Rescaté algunos discos de vinilos de la casa de mis padres después que ellos murieran. Ahora que escucho a Frank Sinatra o a Perry Como, interpretando viejas melodías navideñas, no puedo evitar trasladarme hasta aquellos días de la infancia, cuando éramos felices sin importarnos lo que pasara en el mundo, así fuese una tal guerra en Vietnam o el asesinato de Robert Kennedy.

Los recuerdos emergen como manantial que brota de la superficie, formando vertientes varias cuyas aguas se precipitan ladera abajo hasta formar un tributario de remembranzas lejanas. Todo queda depositado en la profundidad de la memoria que, en pleno otoño de la existencia, va perdiendo los ángulos de aquellos acontecimientos.

Solemos mirar hacia el futuro por obligación y sobrevivencia, pero casi nadie se detiene a rememorar el pasado, quizás porque, como decía mi buen amigo Roberto Cabezas, que ahora goza de la paz del Señor, “A lo mejor, algunos no tienen nada bueno que recordar”. También porque el presente nos apura a fatigarnos, a mantenernos activos, mientras los recuerdos, cosas ya en desuso -piensan algunos-, no nos sirven en el presente ni en el devenir.

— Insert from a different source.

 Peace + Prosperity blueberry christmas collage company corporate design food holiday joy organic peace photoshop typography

Desde luego que no estoy de acuerdo. En mi imaginación suelo trasladarme a esos lugares donde fuimos felices en la infancia; sitios de posibilidades varias, de puertas abiertas al campo de las travesuras; a las aventuras heroicas, río arriba, río abajo, de prolongados partidos de futbol en versión diurna y nocturna; de pandillas de salvajes que defendían territorios imaginados, en fin. Nuestra tribu se mantenía unida bajo el código de la lealtad y la libertad sin cadenas, hasta que llegábamos a la realidad del hogar donde las reglas eran muy diferentes.

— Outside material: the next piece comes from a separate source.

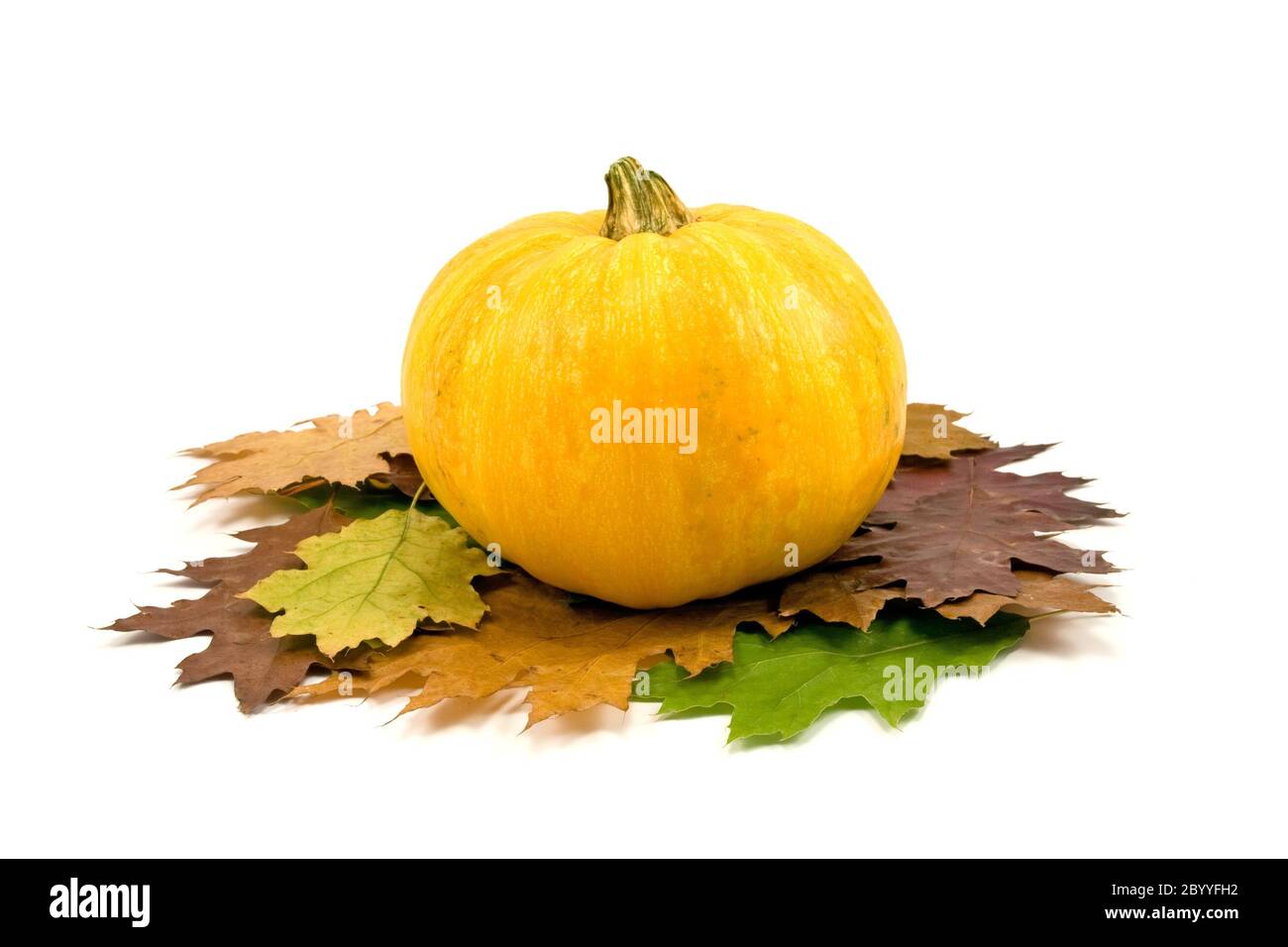 Kürbis und Herbstblätter Stockfoto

Al llegar a casa me sumergía en las aventuras de Tom Sawyer y Robinson Crusoe, imaginando que las circunstancias bien podían ser adaptadas a las playas de aquel río caudaloso; a las líneas del ferrocarril, la empalizada de caimitos en Cazenave, las fincas de banano, los canales de irrigación en verano y los estanques –“creeks” decían los gringos- preñados de peces y tortugas, allá por Copén Aldea. Las hordas de la felicidad recorríamos los montes y sembradíos, más de una vez perseguidos por las jaurías de vigilancia de la compañía frutera.

Echo de menos todo aquello; tanto que prefiero no volver a esos escenarios de la felicidad porque ya nada queda: ni los detalles ni los personajes que se han ido lejos, algunos hasta el Cielo, como decíamos por aquellos días de andanzas eternas. La vida se encargó de separarnos para que viviéramos las verdaderas aventuras en el difícil recorrido por el mundo. Nunca más volvimos a vernos.

En el otoño de nuestras vidas es constancia pensar que quedan pocos años por delante; pero, en esos recuerdos pretéritos, de correrías por el oeste, peleando contra indios y vaqueros, arrestando asaltantes de la “Wells Fargo”, puedo reencontrarme con la paz, la ternura y el amor de los míos, haciendo las cosas que me gustan y que me causan felicidad eterna. Solo eso queda.

Aún conservo en buen estado el baúl de mis juguetes, cuyos habitantes tampoco existen; su lugar es ocupado por libros y objetos raros que he coleccionado a lo largo de los años. Es el único testigo de aquellos días felices.